Harsh gave this some thought. “Can you prove Vera Sue didn’t make a fool out of both of us?”

“How is that?”

“You paid her five hundred dollars for something worth nothing. What does that make you? I may have been a dope, but I didn’t pay out five hundred for the privilege.”

Brother shook his head. “You miss the point.”

“I guess I miss it, all right. What is the point?”

“Everything has to be done my way.”

“That is the point?”

“Exactly. Everything has to be done my way. Remember that. When I ordered you to give me five references in return for twenty-five dollars and you refused, I paid the young woman five hundred dollars for the same information. I was teaching you a lesson. I hope you got it.”

Harsh reached out a hand and his fingers felt on the table for cigarettes. Dumb bastard, Harsh thought. He pulled a cigarette out of the pack and put it between his lips. I’ll be goddamned if I ever heard the like of this.

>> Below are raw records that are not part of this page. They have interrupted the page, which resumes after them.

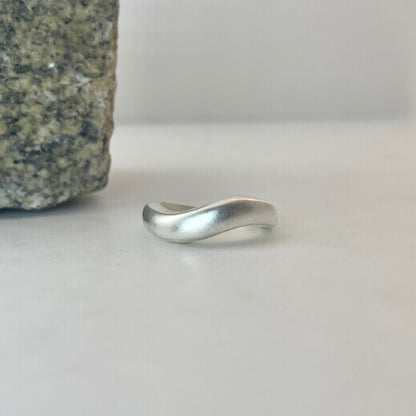 S925 Sterling Silver Brushed Wave Design Ring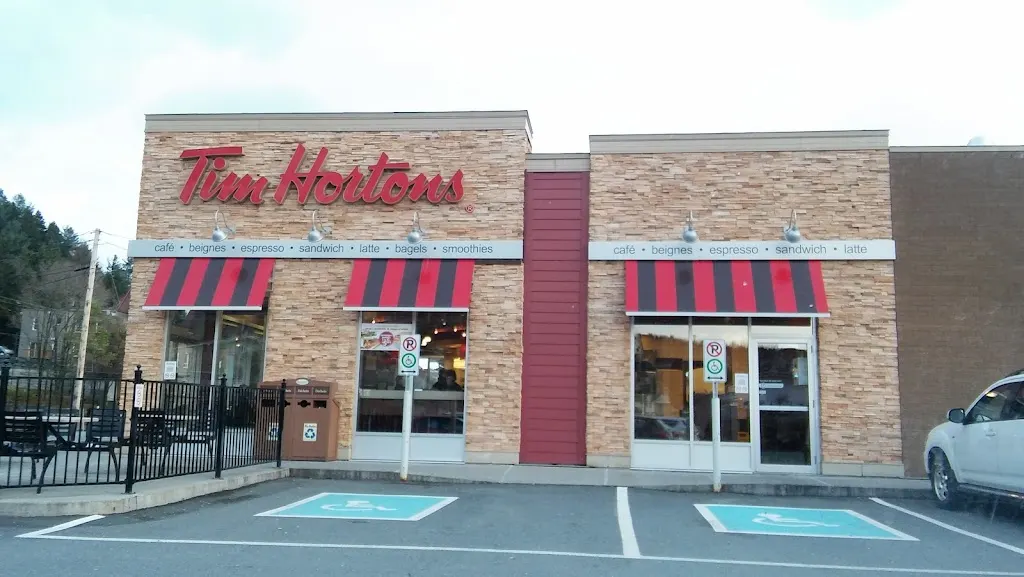 Tim Hortons storefront and interior at 551 Blvd Renault, Beauceville, QC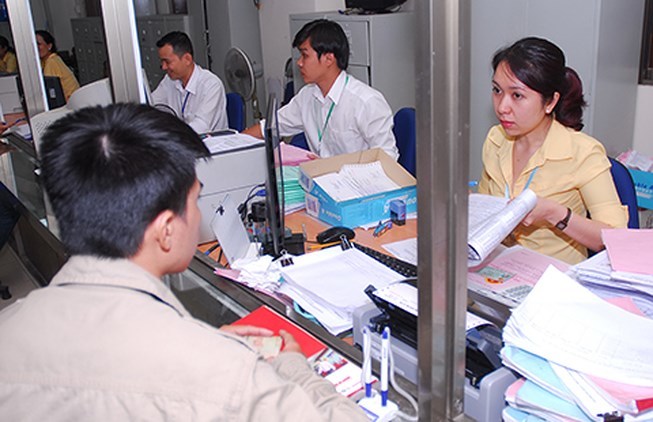 Muốn kết hôn, người Việt Nam phải sang nước ngoài xác nhận độc thân?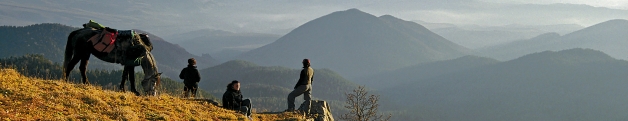 zdjęcia i fotografie góry Kaukaz, Gruzja, Armenia, Azerbejdżan, turystyka, podróże, wyprawy, gospodarka, bezpieczeństwo, zabytki, zwiedzanie, trekking, Morze Czarne, wybrzeże, Tbilisi, Batumi, Mccheta, Kazbek, Kazbegi, Wardzia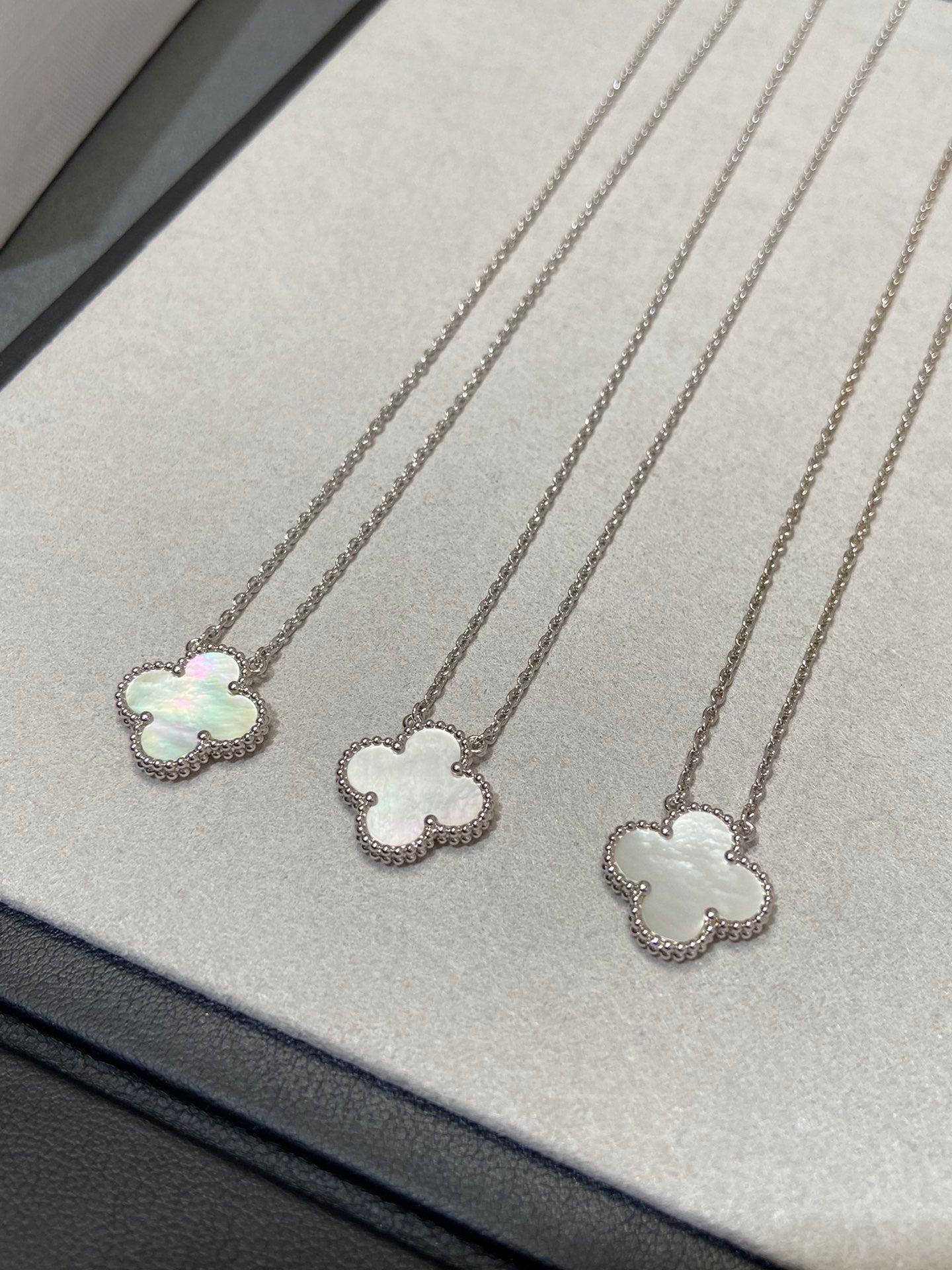 [Clara Jewels]CLOVER MEDIUM SILVER WHITE MOP NECKLACE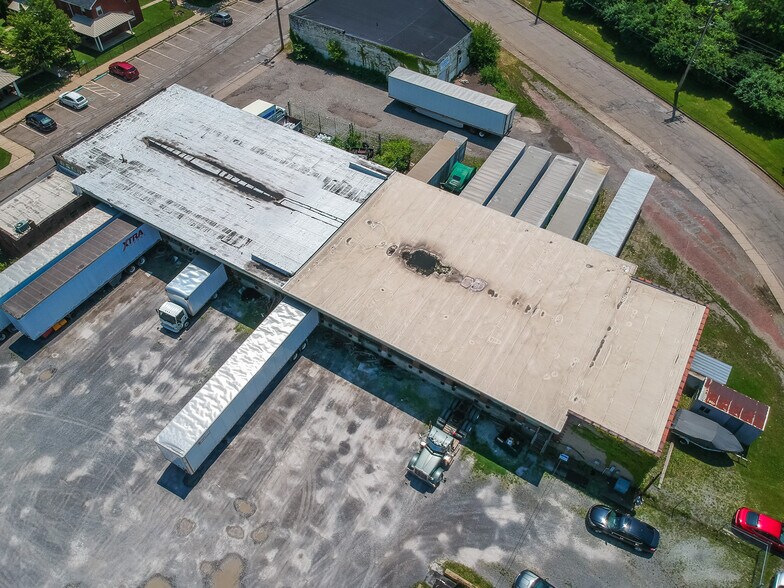 Primary Photo Of 98 Sproul St, McKees Rocks Truck Terminal For Sale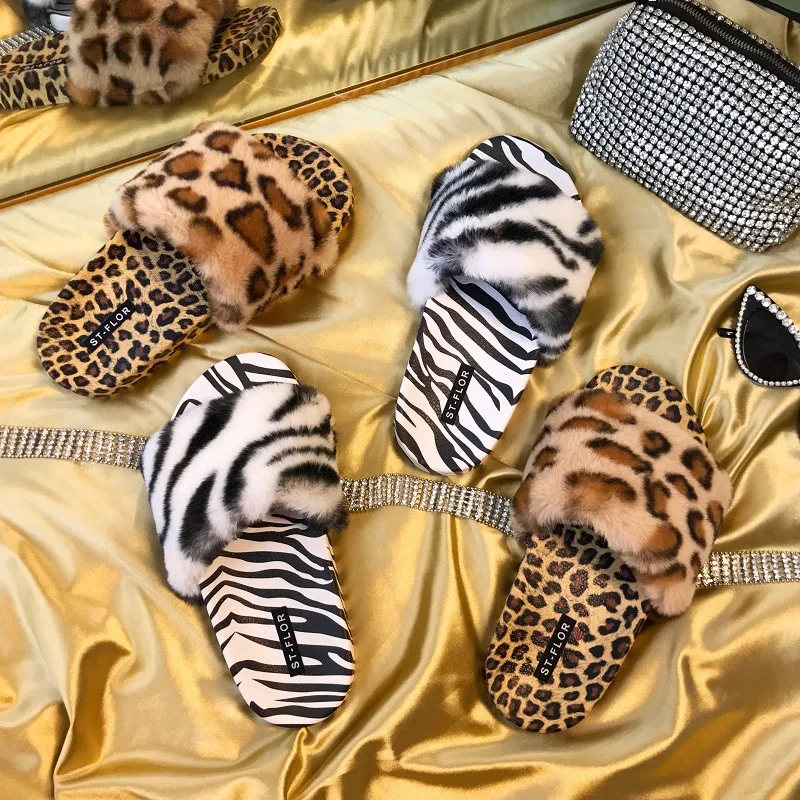 

Slippers 2021 Summer Furry Fashion with Fur for Home Slides Leopard Fur Slipper Women Spring Flat Bottom Ladies Designer Slides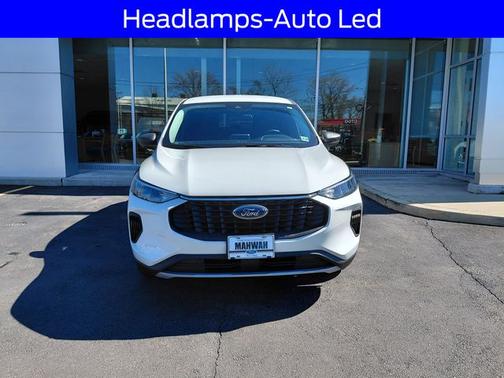OXFORD WHITE 2023 Ford Escape ACTIVE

“Mr. Brother, you gave me something to think about, I admit that.”

“When I give an order, it must be obeyed without question or haggling. That is what I am trying to establish. Do you understand?”

“I don’t know how you could say it any plainer, Mr. Brother.”

“But do you comprehend?”

“Sure.”

“I doubt it, Harsh.” Brother’s eyes were contemptuous. “I do not think you are very good at comprehension.”

“If you want to think so, okay. You could be wrong, though.”

“No, Harsh. I have had you investigated thoroughly.”

Harsh lifted his hand, removed the cigarette from his lips, and looked at it. He did not want the man to see his expression. “I heard there was a private detective from Kansas City snooping around. Was he your boy?”

“One of them. One of about twenty.”

“I don’t know what you thought that would get you.” Harsh rolled the cigarette slowly in his fingers.

Brother smiled with dislike. “It got
you
something, Harsh.”

“It did? How is that?”

“It enabled me to arrange to protect you from the police in the matter of D. C. Roebuck.” The man’s teeth were small white chisel edges under his lifted lip. “Providing you cooperate, of course.”

Harsh closed his eyes. For a moment he thought he was going to faint. His hand holding the cigarette lay limp on his chest.

“Harsh, I am going to talk steadily for several minutes. Making explanations. Do not interrupt.”

Harsh’s mouth was becoming very dry. He merely nodded his head.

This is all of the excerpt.